The study’s strengths include large sample size, selection of trials that reported multivariate-adjusted risk ratios to minimize confounders such as high body mass index, metabolic syndrome, dyslipidemia, and impaired glucose metabolism, which are known stroke risk factors. This study; however, is constrained by limited generalizability (>80% of subjects were Asian) and single BP measurements (which did not take into account BP variability).

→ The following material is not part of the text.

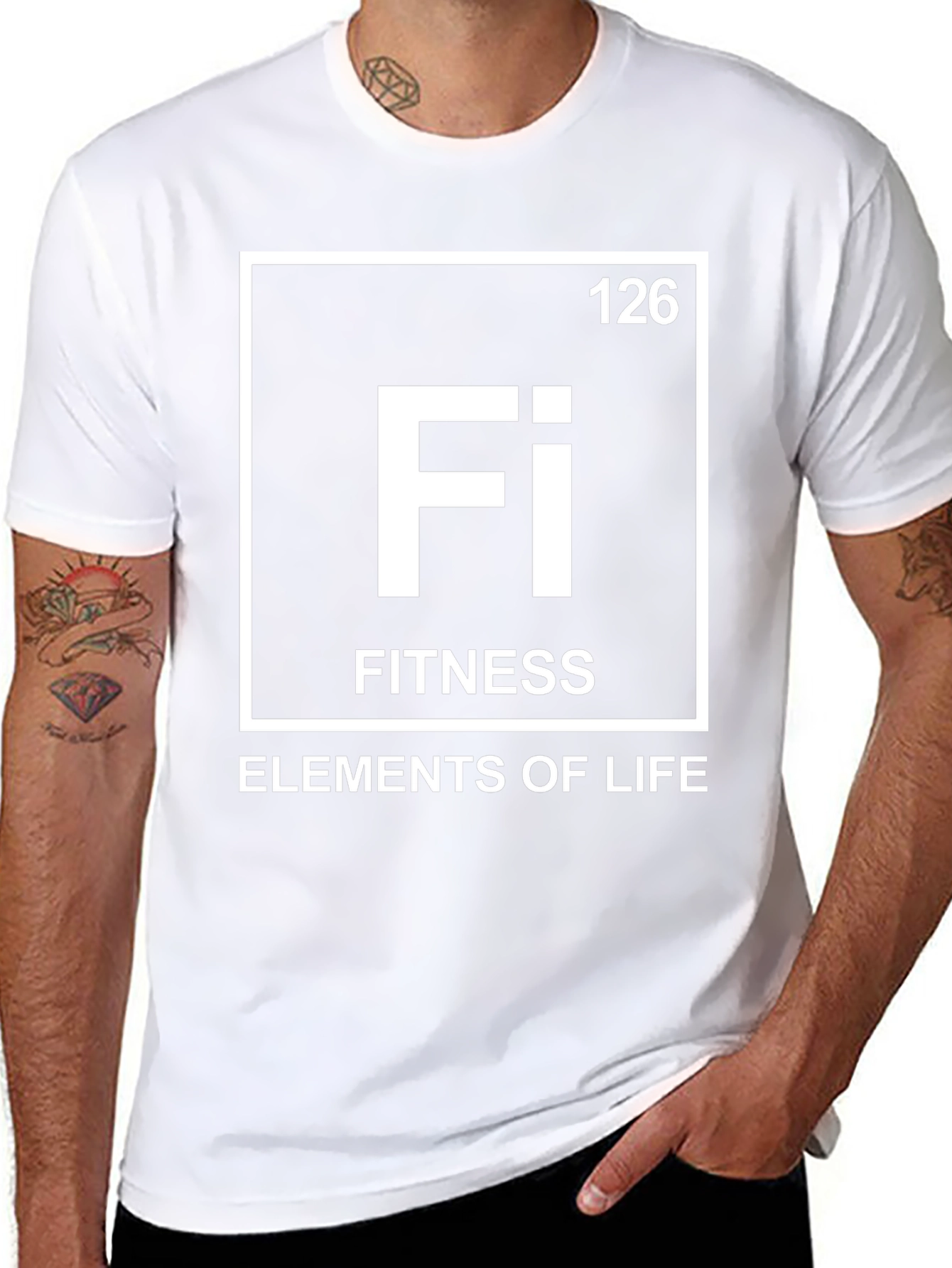 Fitness Elements of Life Graphic Tee - Black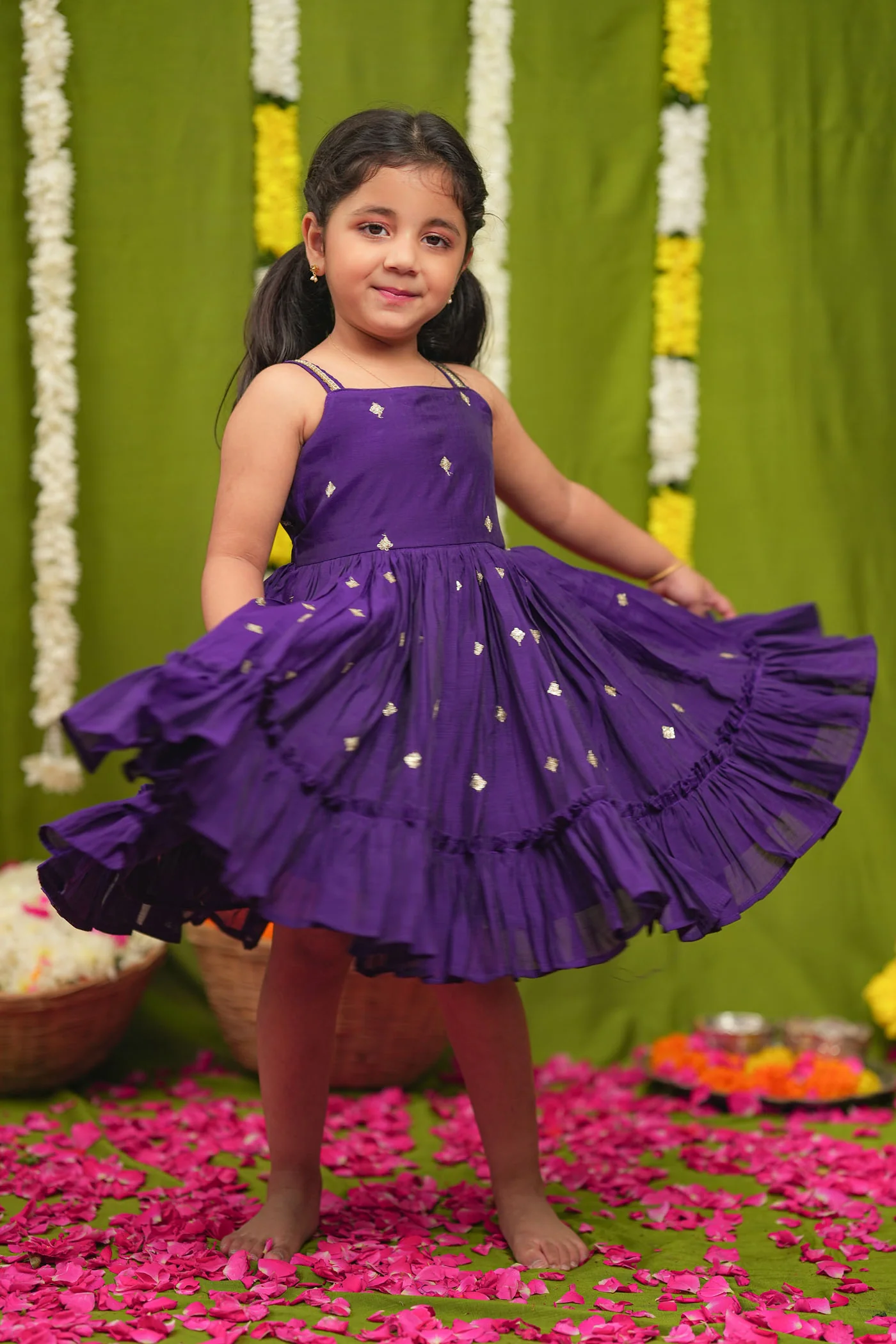 IMD - Meera violet Frock Mini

In addition, the meta-analysis combined individuals with and without history of previous stroke; recent evidence suggests that among stroke survivors, strict BP control to <120/80 mm Hg may be associated with a higher risk of recurrent stroke compared with maintaining BP in the prehypertensive range. Prospective studies are needed to examine the association between prehypertension and both primary and secondary stroke and to evaluate the treatment intensity needed for prehypertension in stroke prevention.
- © 2014 American Heart Association, Inc.